The universal nature of the album, its maverick edge and the significance of its 50th anniversary prompted Nhlengethwa to devote his entire upcoming solo show to Kind of Blue; the exhibition adopting the album’s title as its namesake. Featuring a series of etchings and lithographs produced at Mark Attwood’s Artists’ Press studio in White River as well as mixed media collage drawings and paintings all the size of vinyl record covers; Nhlengethwa’s new works are stark, mostly monochromatic and affectingly vivid, echoing the emotion of Davis’s melody. Black and white rendered silhouette figures recall another era, an age when taking risks was central to cultural development. The images are – in a smooth yet sketchy technique that takes Nhlengethwa’s characteristic style to new heights – a homage to music that is urbane and transcendent, minimal yet multifaceted and ultimately pioneering.

Nhlengethwa was born in the mining community of Payneville in Springs in 1955 and grew up in Ratanda location in Heidelberg, east of Johannesburg. He completed a two-year Fine Art Diploma at the Rorkes Drift Art Centre in the late 1970s. While he exhibited extensively both locally and abroad throughout the 1980s and ’90s, Nhlengethwa’s travelling solo show South Africa, Yesterday, Today and Tomorrow in 1993 established him at the vanguard of critical consciousness in South Africa and he went on to win the Standard Bank Young Artist Award in 1994.

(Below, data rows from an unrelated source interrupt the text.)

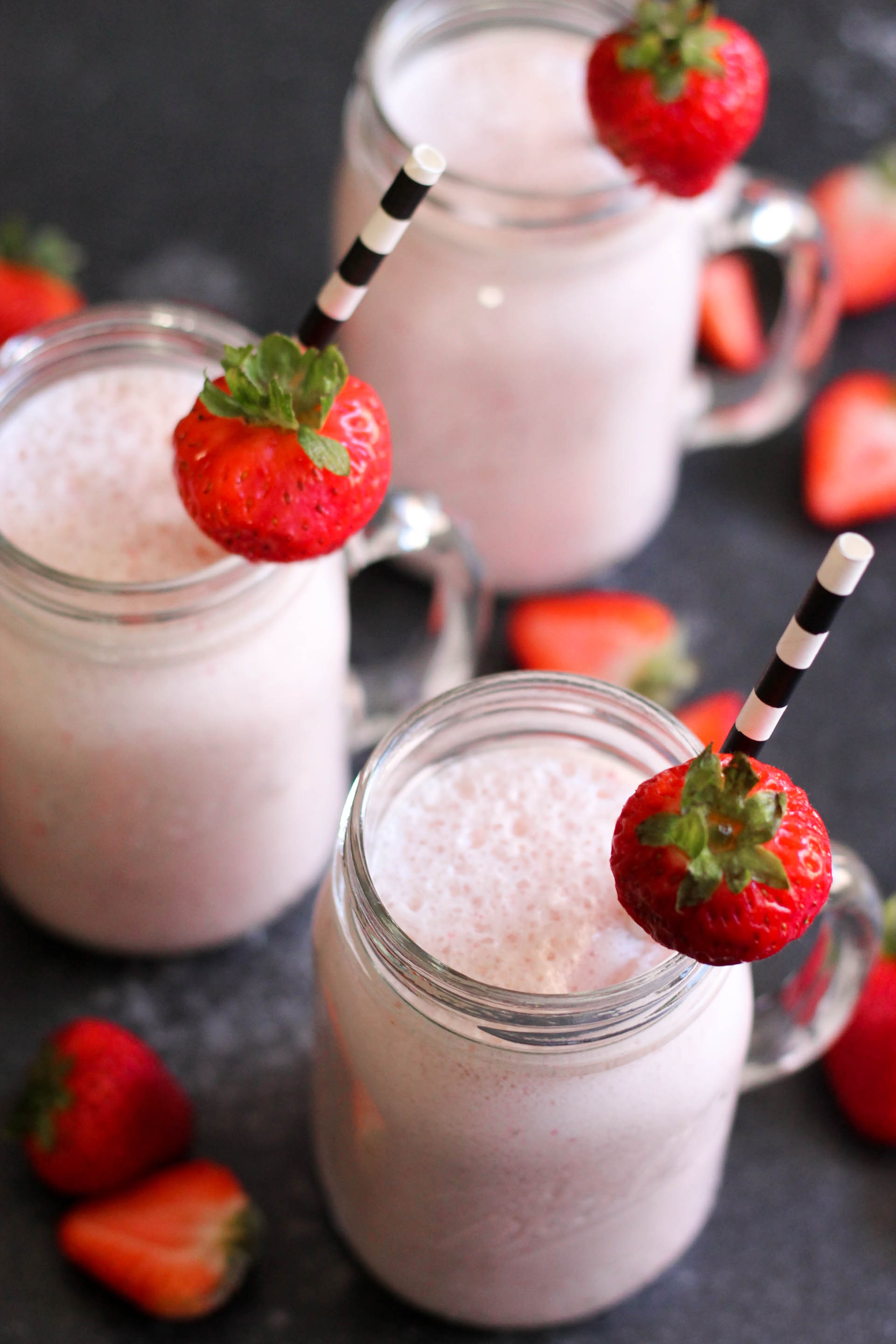 3 Homemade Strawberry Milkshakes in jars with straws and strawberries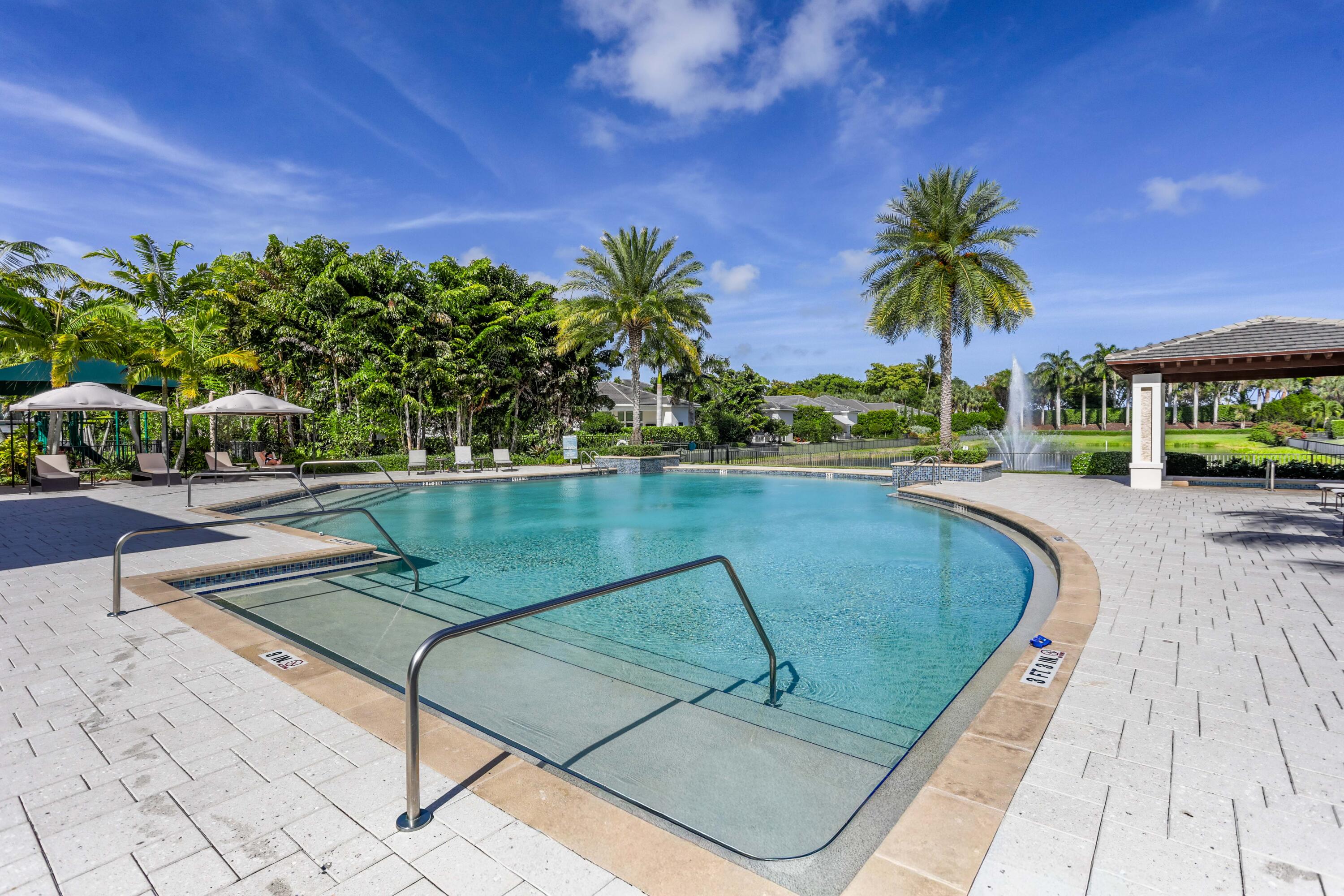 6903 Northwest 28th Avenue Boca Raton, FL 33496 - Photo 65 of 69 a view of a swimming pool with a patio
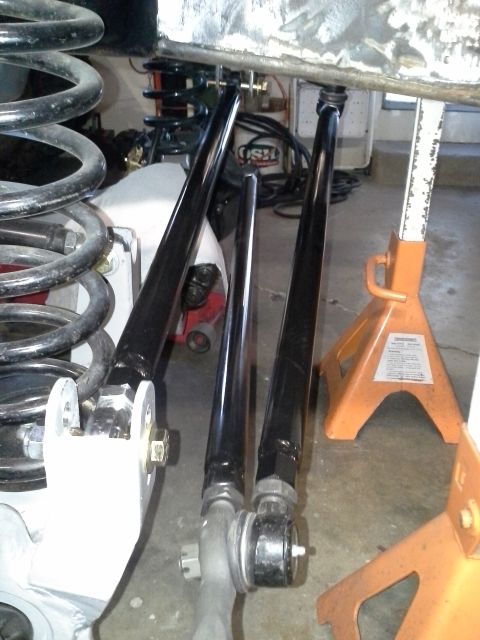 1968 Ford Bronco - Suspension parts, likely for a 4x4, are shown on jack stands in a workshop setting.
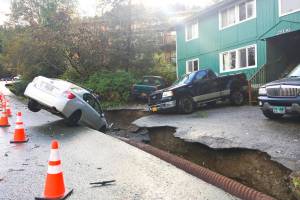 Emily Weirs car fell into chasm washed away on John Street in Douglas the evening of Oct. 5, 2015. Heavy rains in Juneau washed out roads, caused mudslides and damaged houses. (Michael S. Lockett | Juneau Empire)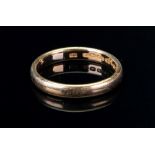A 22ct gold band ring, ring size T, 5.8g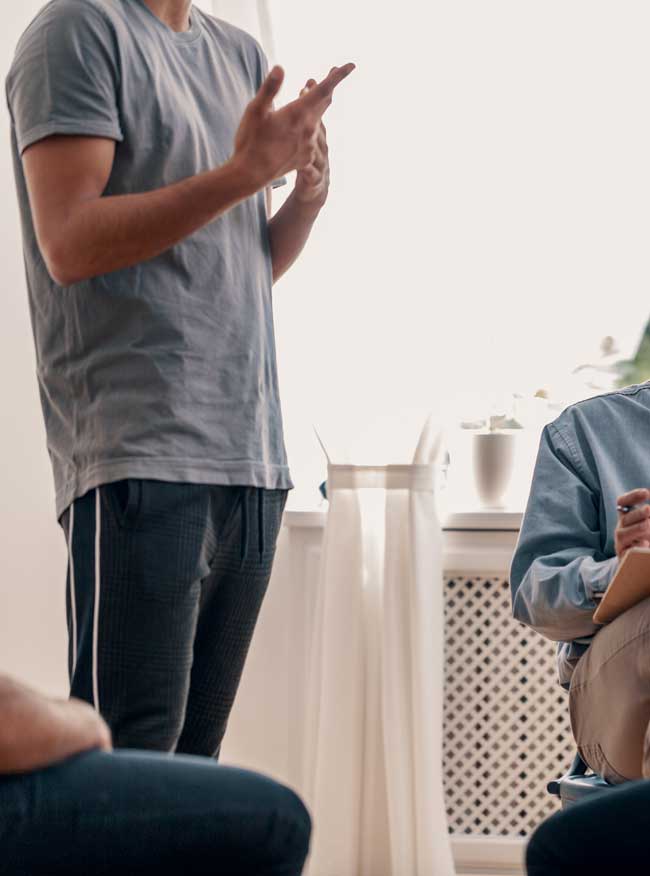 image of young man sharing in group therapy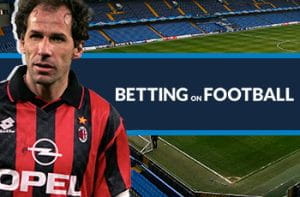 Franco Baresi, storico giocatore del Milan, e il logo di Betting on Football. Sullo sfondo lo stadio di Stamford Bridge a Londra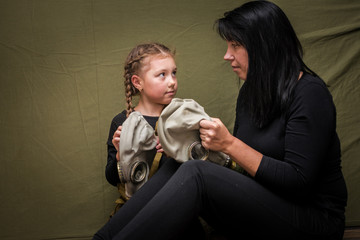 A woman shows a girl how to use a gas mask correctly. Mom teaches her daughter to put a gas mask on...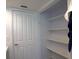 Walk-in closet with multiple shelves for ample storage space at 4639 Sloan Ave, Sarasota, FL 34233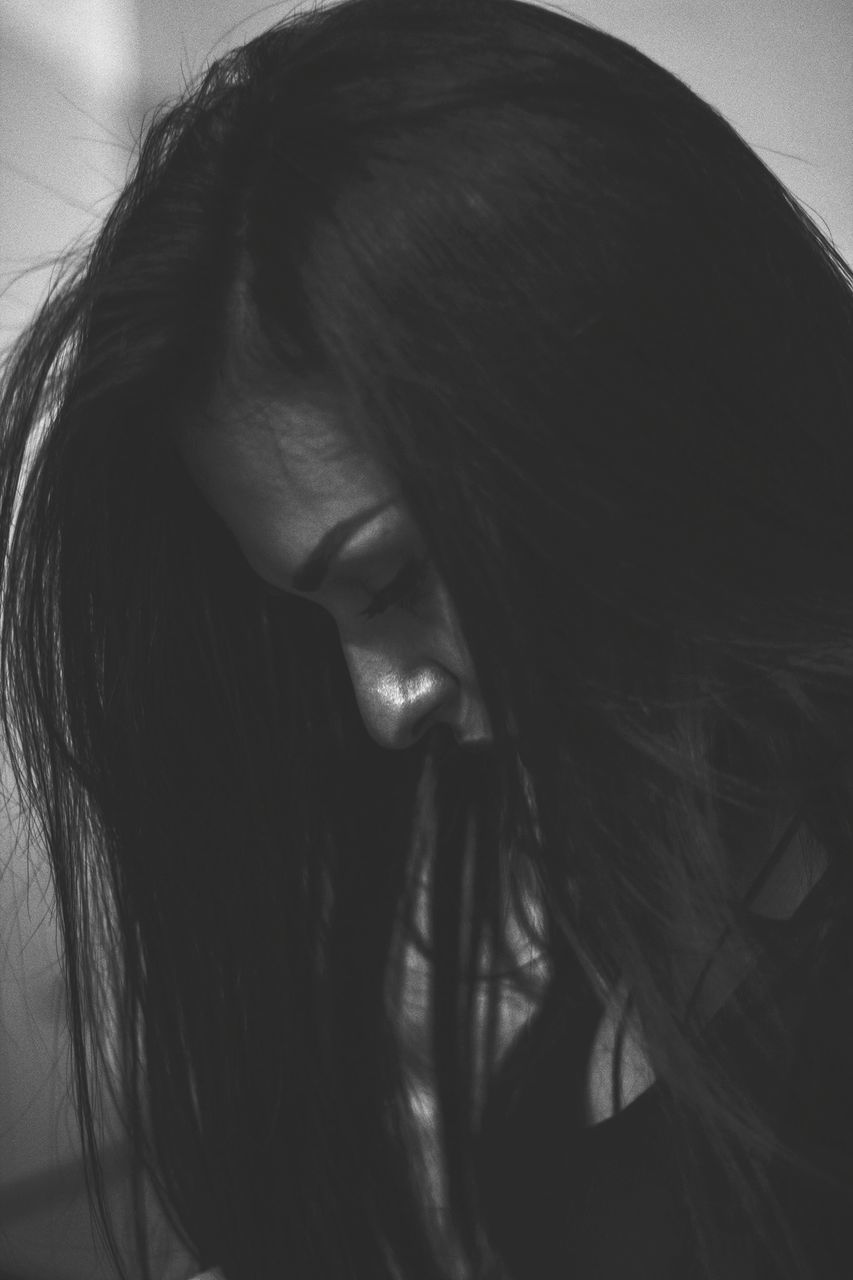 hair, one person, long hair, hairstyle, headshot, portrait, real people, young women, indoors, close-up, women, lifestyles, young adult, looking, black hair, leisure activity, looking away, females, home interior, human hair, beautiful woman, mouth open, human face, contemplation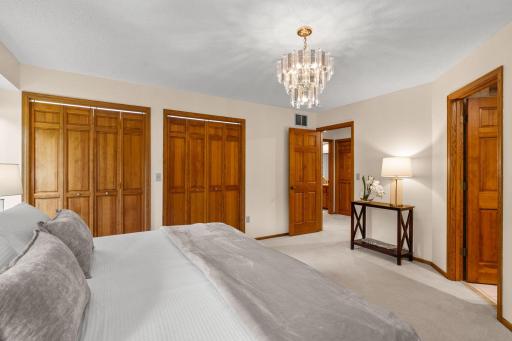 Alternate primary bedroom view showing the deep closet space and a glimpse into the private en suite bath.
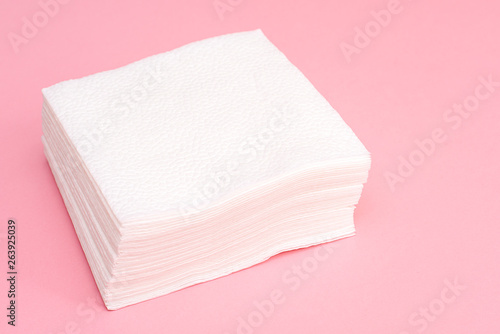 Stack of white square paper napkins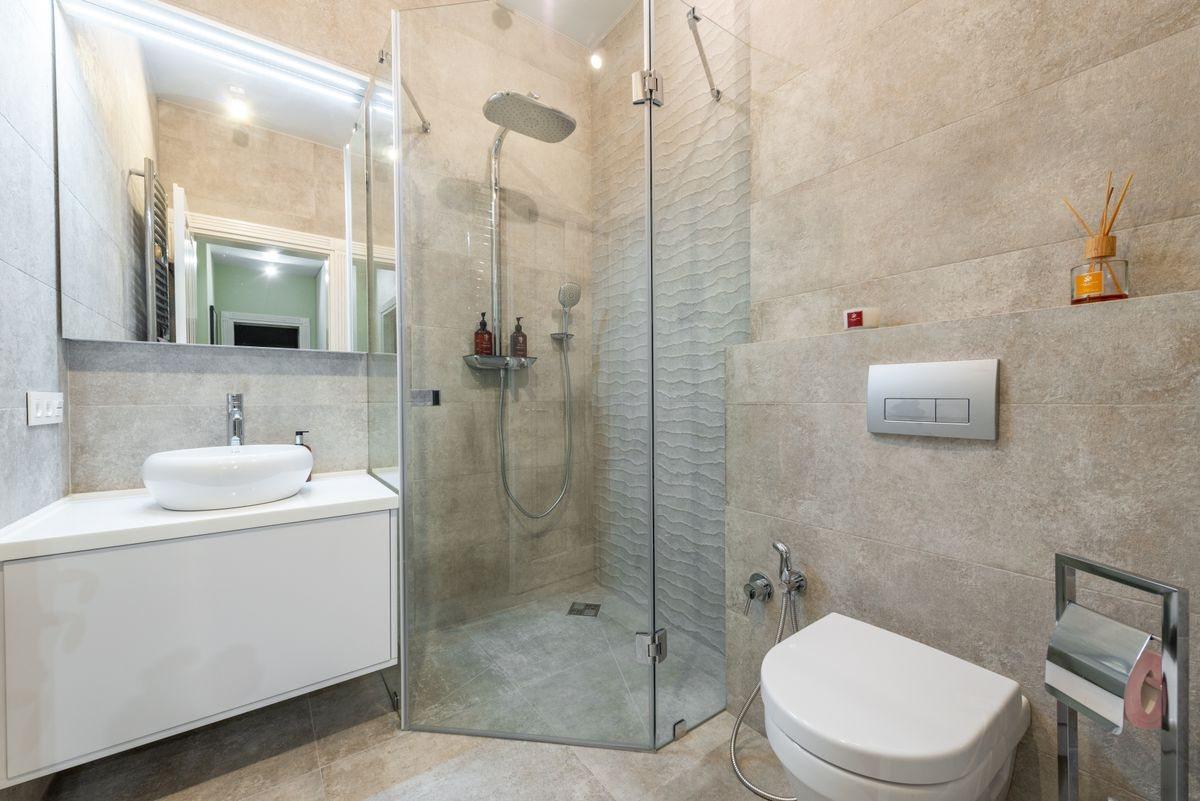 A compact modern shower room with a glass shower enclosure, basin and wall-hung toilet.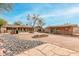 Sprawling landscaped backyard featuring flagstone patio and desert landscaping at 14418 N San Carlos Dr, Fountain Hills, AZ 85268
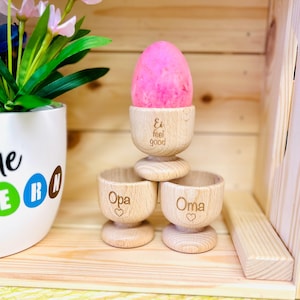 Op de afbeelding: Drie houten eierdopjes met de woorden "Ei feel good", "Opa" en "Oma" erop gegraveerd. Een roze ei zit in het bovenste dopje.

His work has been included in key exhibitions such as Seven Stories about Modern Art in Africa at the Whitechapel Gallery in London and major publications such as Phaidon’s The 20th Century Art Book. He has had several solo shows in South Africa and abroad and has been a resident of the Bag Factory Artists’ Studios in Newtown, Johannesburg since the 1990s where, he says, “a week never passes without me listening to Kind of Blue”.